(Captioned web images)
********************

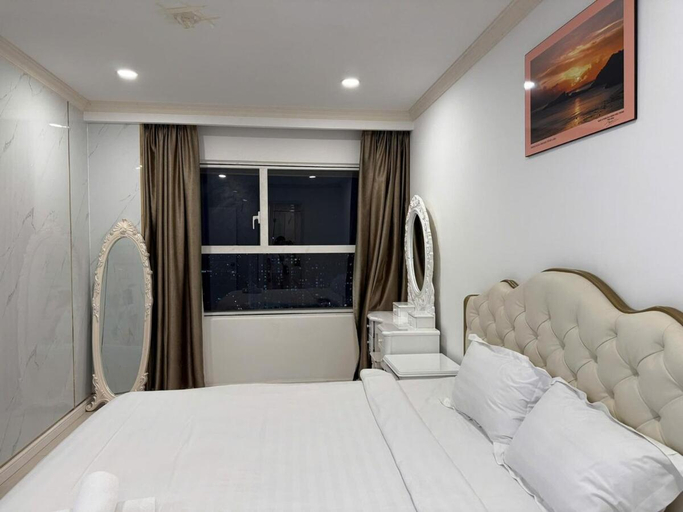 Bedroom 3, Sunrise city, District 7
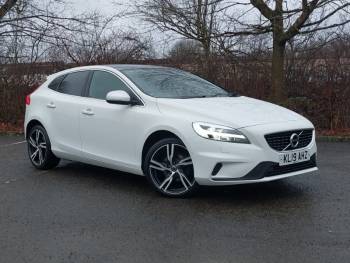 2019 (19) Volvo V40 D2 [122] R DESIGN Edition 5dr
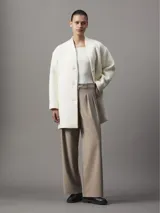 Pantalón de vestir color gris topo, de corte sastre y pierna ancha, con pinzas en la cintura y bolsillos laterales.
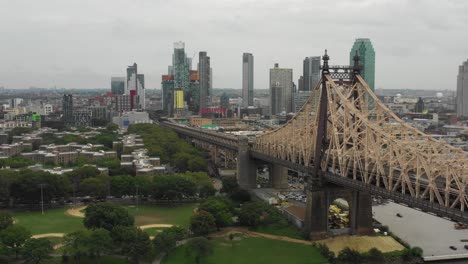 Tobogán-Aéreo-De-Drones-A-Lo-Largo-Del-Puente-De-Queensboro-En-Nyc-Moviéndose-Hacia-Queens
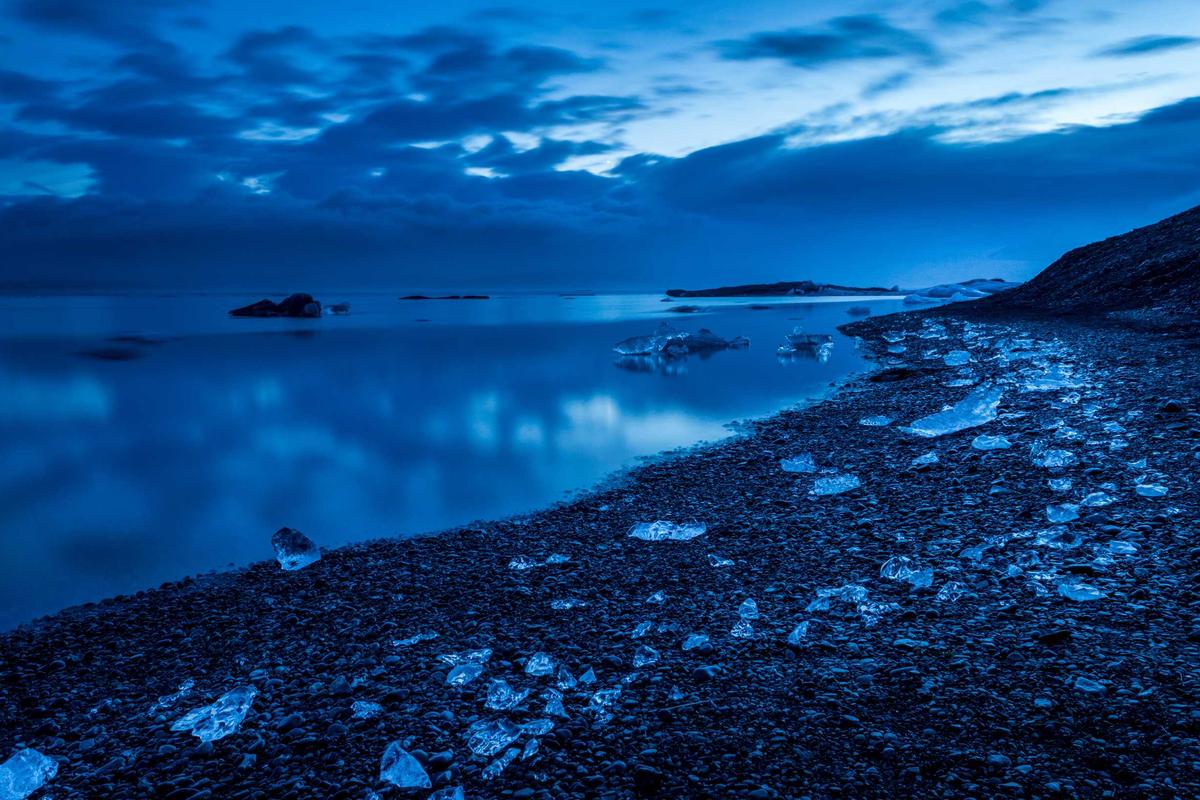 Dashboard showing opportunity scoring and pipeline stages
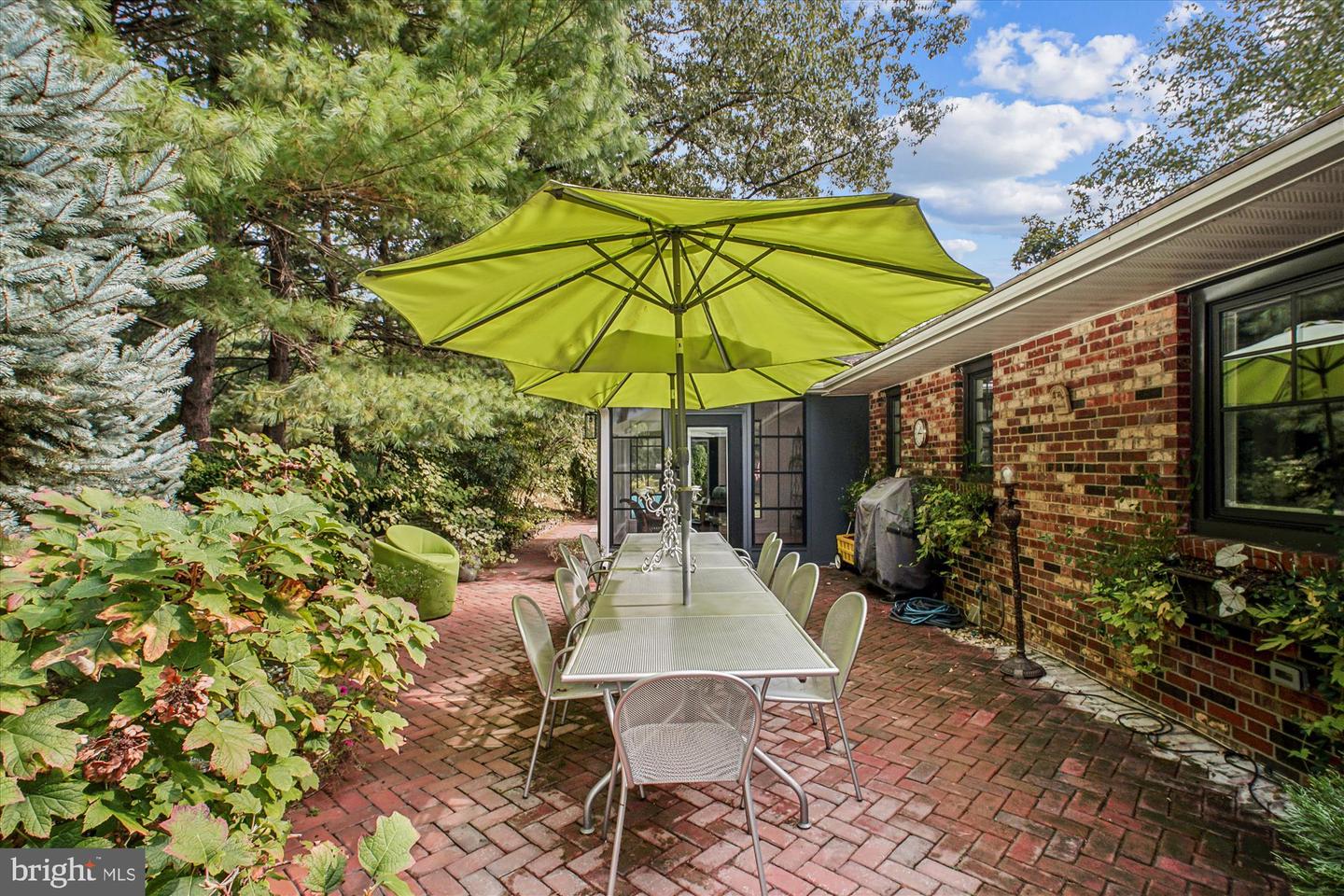 3717 CHANEL RD, ANNANDALE, Virginia 22003, 3 Bedrooms Bedrooms, ,3 BathroomsBathrooms,Residential,For sale,3717 CHANEL RD,VAFX2269058 MLS # VAFX2269058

********************

* [Assignment]
Transcribe the entries above word for word, but leave every picture out of your copy.

* [Reply]
 Bedroom 3, Sunrise city, District 7
 2019 (19) Volvo V40 D2 [122] R DESIGN Edition 5dr
 Pantalón de vestir color gris topo, de corte sastre y pierna ancha, con pinzas en la cintura y bolsillos laterales.
 Tobogán-Aéreo-De-Drones-A-Lo-Largo-Del-Puente-De-Queensboro-En-Nyc-Moviéndose-Hacia-Queens
 Dashboard showing opportunity scoring and pipeline stages
 3717 CHANEL RD, ANNANDALE, Virginia 22003, 3 Bedrooms Bedrooms, ,3 BathroomsBathrooms,Residential,For sale,3717 CHANEL RD,VAFX2269058 MLS # VAFX2269058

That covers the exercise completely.